____ Data excerpts
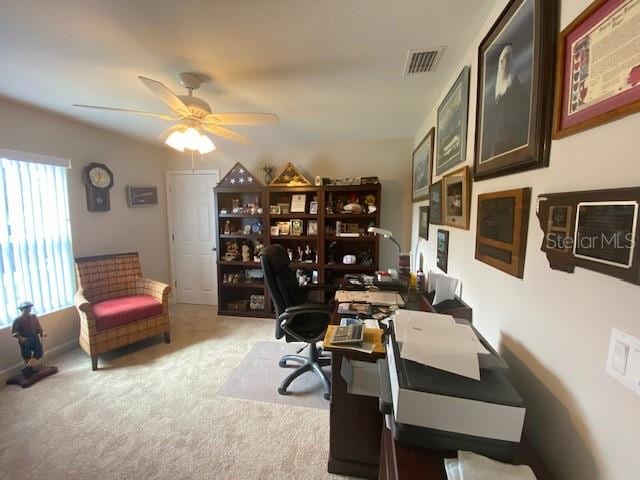 office with light colored carpet and ceiling fan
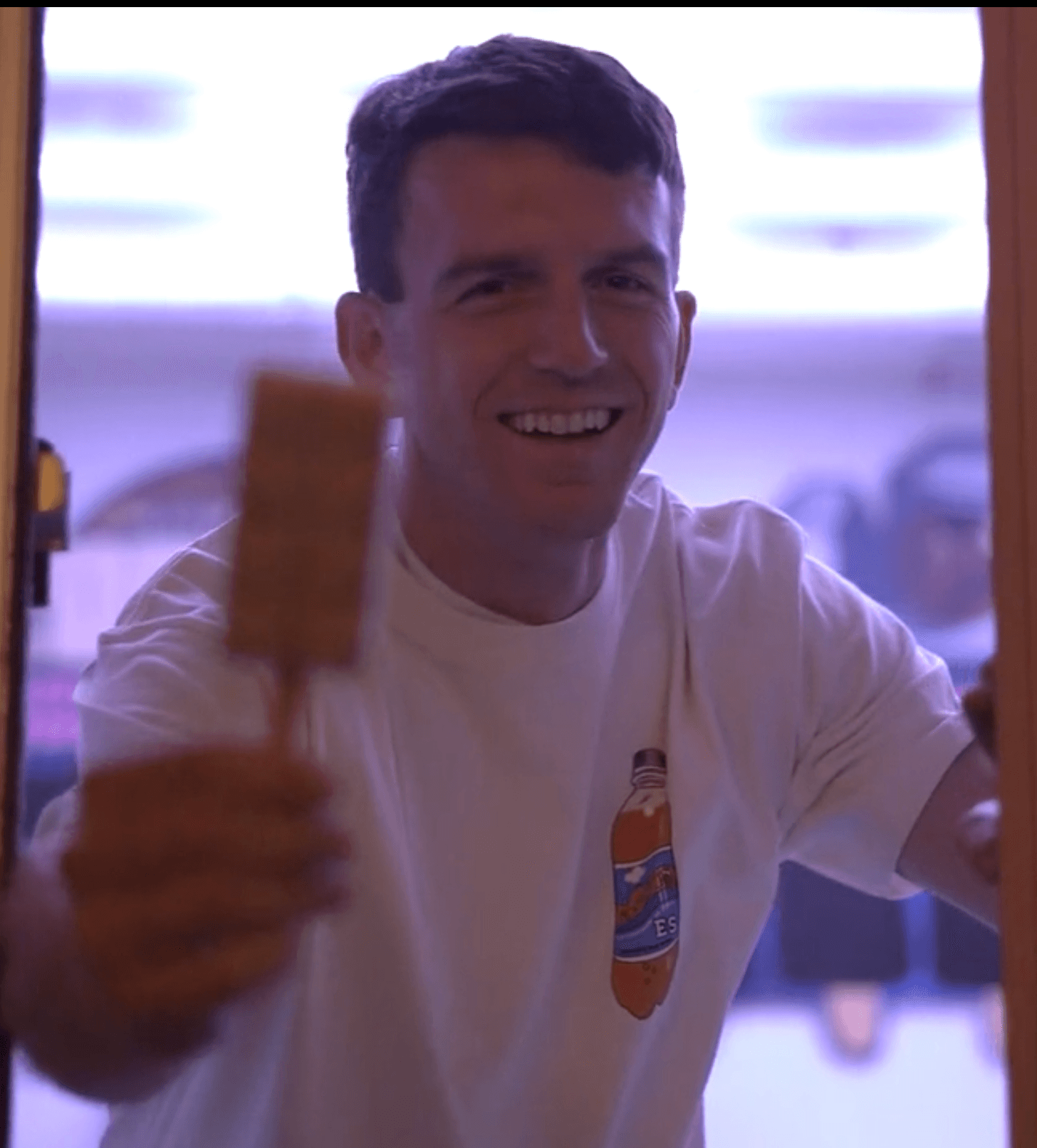 A Popston staff member smiling and reaching toward the camera with a popsicle, wearing a Popston-branded shirt.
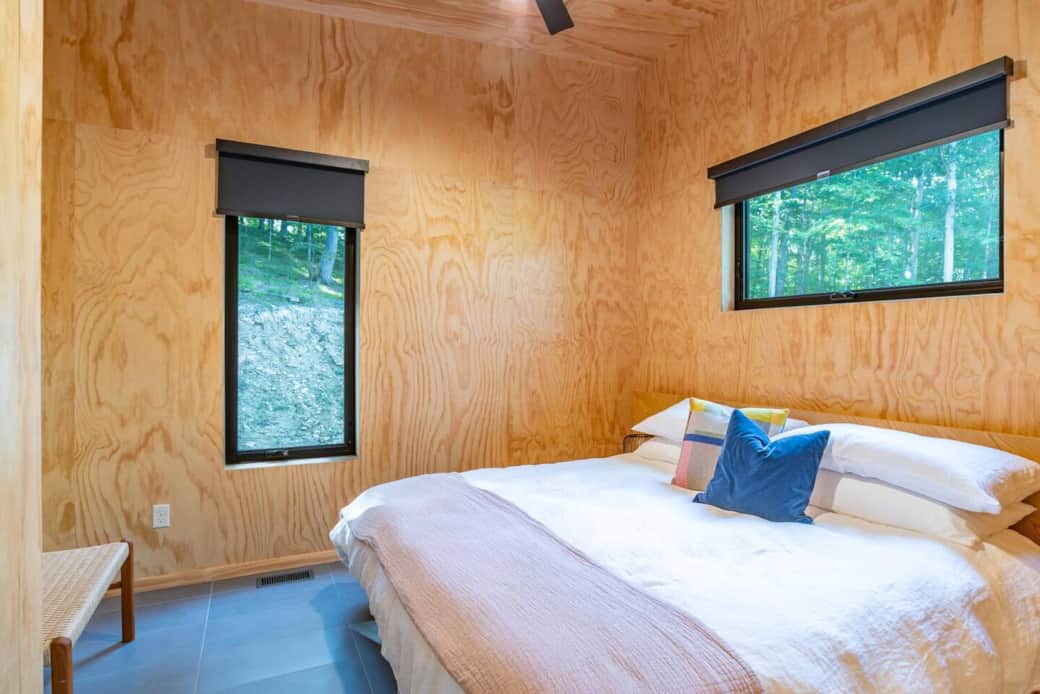 Escape to modern Scandinavian design in this king bed guest room. With plywood walls, a ceiling fan, overhead light, and room darkening shades, you'll sleep soundly. A bench and hooks offer convenient storage. Sleeps 2.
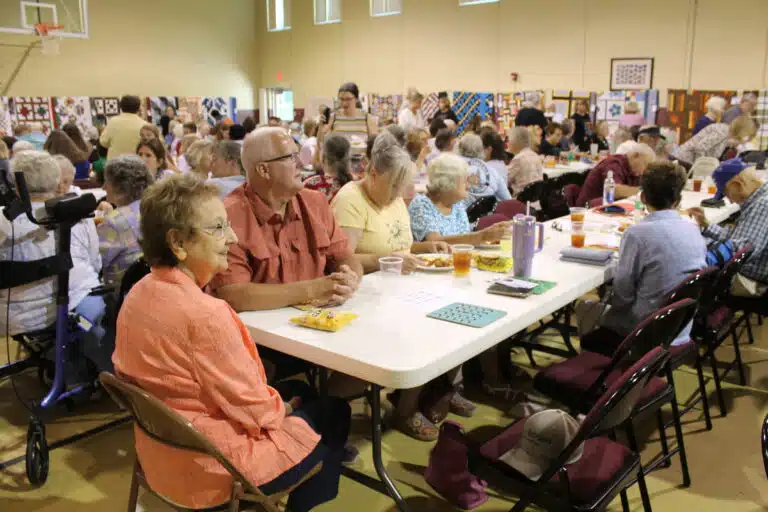 Sister Susan Mary Mudd, seated at left, served as one of the bingo table volunteers. To her left is former Mount employee Jeff Glass. Sister Susan Mary Mudd, seated at left, served as one of the bingo table volunteers. To her left is former Mount employee Jeff Glass.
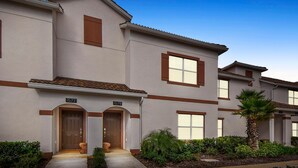 A two-story residential building with a beige exterior, brown trim, and a number "1577" above the entrance. - 1579mvd-the Retreat at Champions Gate (Davenport)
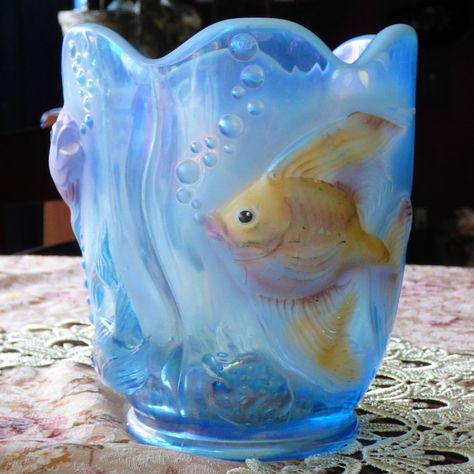 This Rare And Unique Fenton Vase Showcases A Colorful Atlantis Sea Pattern With Hand-Painted Koi Fish On Opalescent Glass. The Vase Features A Beautiful Blue Color, Adding To Its Charm And Making It A Great Addition To Any Collection. The Vase Is Signed By The Artist, Further Highlighting Its Authenticity And Uniqueness. Made From High-Quality Glass, This Vintage Original Vase Exudes An Art Glass Production Style That Is Perfect For Decorative Pottery And Glassware Enthusiasts. The Vase Is In Mint Condition, Making It An Ideal Gift For Someone Special Or A Prized Possession For Collectors. Vase Was Never Used, Displayed In Cabinet Only. Can Be Used For Different Occasions, Like As A Plante Bathroom Ocean Decor, Fish Bowl Vases, Fenton Vase, Fish Vase, Sea Pattern, Fenton Glassware, Bowl Vase, Ocean Decor, Crystal Suncatchers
________
Copy the entries character for character, excluding any pictures.

 office with light colored carpet and ceiling fan
 A Popston staff member smiling and reaching toward the camera with a popsicle, wearing a Popston-branded shirt.
 Escape to modern Scandinavian design in this king bed guest room. With plywood walls, a ceiling fan, overhead light, and room darkening shades, you'll sleep soundly. A bench and hooks offer convenient storage. Sleeps 2.
 Sister Susan Mary Mudd, seated at left, served as one of the bingo table volunteers. To her left is former Mount employee Jeff Glass. Sister Susan Mary Mudd, seated at left, served as one of the bingo table volunteers. To her left is former Mount employee Jeff Glass.
 A two-story residential building with a beige exterior, brown trim, and a number "1577" above the entrance. - 1579mvd-the Retreat at Champions Gate (Davenport)
 This Rare And Unique Fenton Vase Showcases A Colorful Atlantis Sea Pattern With Hand-Painted Koi Fish On Opalescent Glass. The Vase Features A Beautiful Blue Color, Adding To Its Charm And Making It A Great Addition To Any Collection. The Vase Is Signed By The Artist, Further Highlighting Its Authenticity And Uniqueness. Made From High-Quality Glass, This Vintage Original Vase Exudes An Art Glass Production Style That Is Perfect For Decorative Pottery And Glassware Enthusiasts. The Vase Is In Mint Condition, Making It An Ideal Gift For Someone Special Or A Prized Possession For Collectors. Vase Was Never Used, Displayed In Cabinet Only. Can Be Used For Different Occasions, Like As A Plante Bathroom Ocean Decor, Fish Bowl Vases, Fenton Vase, Fish Vase, Sea Pattern, Fenton Glassware, Bowl Vase, Ocean Decor, Crystal Suncatchers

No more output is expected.